Wednesday, July 8, 2009

Wednesday's Words for July 8, 2009


The first complete story I ever wrote was an episode for my favourite television show—when I was ten years old. This was long before the word “fanfic” made it into anybody’s lexicon. I don’t recall the details of that first literary effort, but the show was “Voyage To The Bottom Of The Sea”. The other thing I remember about that incident more than four decades ago was that I showed my creation to my sister. She was a worldly sixteen at the time, educated enough to point out—with great gales of laughter—that I had spelled the word, ‘camouflage’, incorrectly.

She asked me recently whether or not I’d finally gotten over that incident. I lied and told her I had.

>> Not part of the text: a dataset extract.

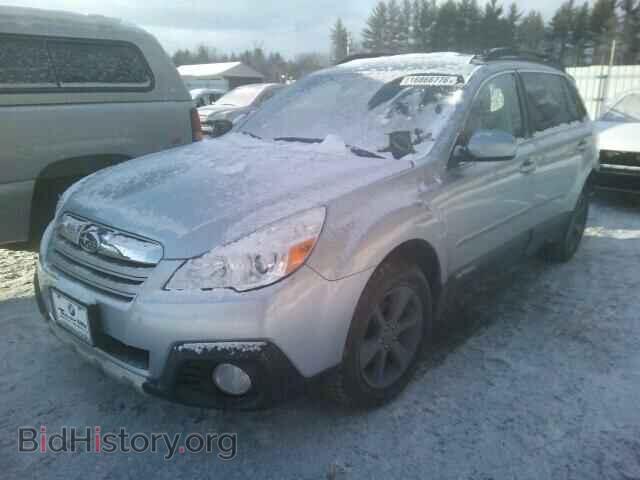 2013 SUBARU OUTBACK - VIN: 4S4BRBJCXD3307601 - Фото 2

We writers are strange and curious creatures. I think, seriously, that we have to be in order to do what we do. We have to have a different view of the world than does the electrician or the doctor or the teacher.

I’ve been thinking about this a lot just lately as I attended a pig roast a week or so ago and met some people who were amazed that I was an author. Now I don’t think their amazement was based on me, personally—as in, “wow, you can write?” It was more that they’d never encountered a writing creature before and they were in awe. “I can’t string two words together,” one woman confided.

The most common question I get asked, usually after people find out I’ve had 12 titles released since March of 2007, is “where do you get your ideas?”, and this question was asked of me at the party.

This is where the part about writers being strange creatures comes in. I get my ideas from everywhere, and anywhere. I really do believe that we who write look at the same things as non-writers but how our minds processe the data is completely different.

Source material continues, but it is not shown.